=== Task objective ===
Transcribe all the lines below exactly. Omit the pictures.

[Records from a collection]
=== Section Start ===
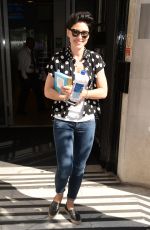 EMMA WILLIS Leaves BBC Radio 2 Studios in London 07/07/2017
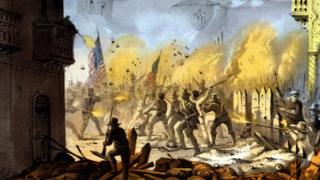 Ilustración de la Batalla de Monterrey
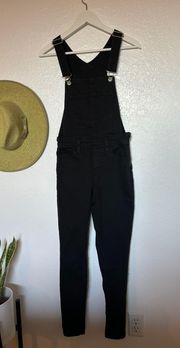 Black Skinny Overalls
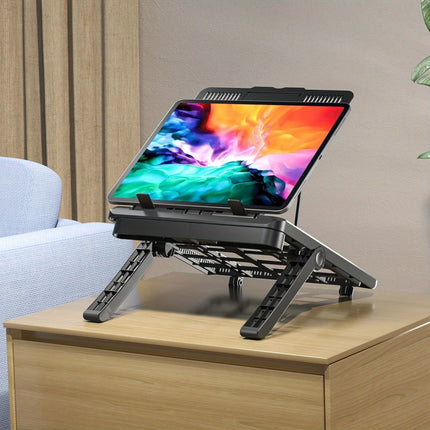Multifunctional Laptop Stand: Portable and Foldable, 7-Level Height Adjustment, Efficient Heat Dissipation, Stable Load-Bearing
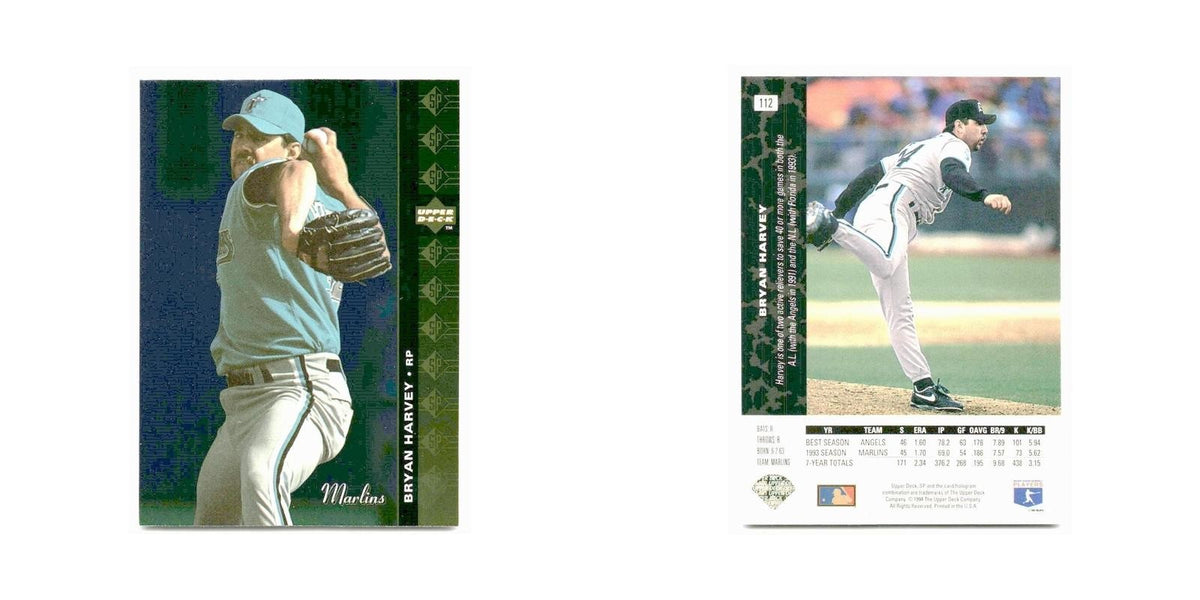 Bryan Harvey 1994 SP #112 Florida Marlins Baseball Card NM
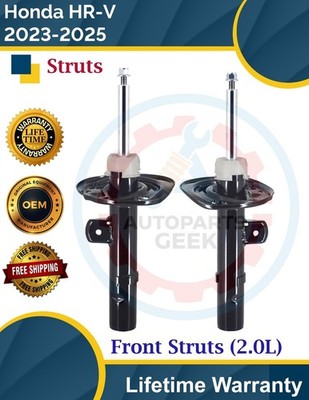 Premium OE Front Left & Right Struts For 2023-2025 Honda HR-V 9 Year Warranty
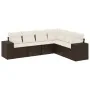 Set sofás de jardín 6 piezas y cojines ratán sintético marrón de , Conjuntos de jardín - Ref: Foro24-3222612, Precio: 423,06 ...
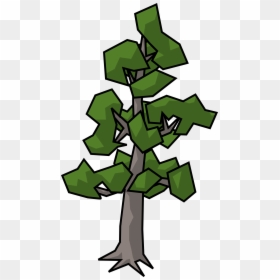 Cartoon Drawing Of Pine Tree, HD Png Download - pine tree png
=== Section End ===
=== Finished task ===
 EMMA WILLIS Leaves BBC Radio 2 Studios in London 07/07/2017
 Ilustración de la Batalla de Monterrey
 Black Skinny Overalls
Multifunctional Laptop Stand: Portable and Foldable, 7-Level Height Adjustment, Efficient Heat Dissipation, Stable Load-Bearing
 Bryan Harvey 1994 SP #112 Florida Marlins Baseball Card NM
 Premium OE Front Left & Right Struts For 2023-2025 Honda HR-V 9 Year Warranty
 Set sofás de jardín 6 piezas y cojines ratán sintético marrón de , Conjuntos de jardín - Ref: Foro24-3222612, Precio: 423,06 ...
 Cartoon Drawing Of Pine Tree, HD Png Download - pine tree png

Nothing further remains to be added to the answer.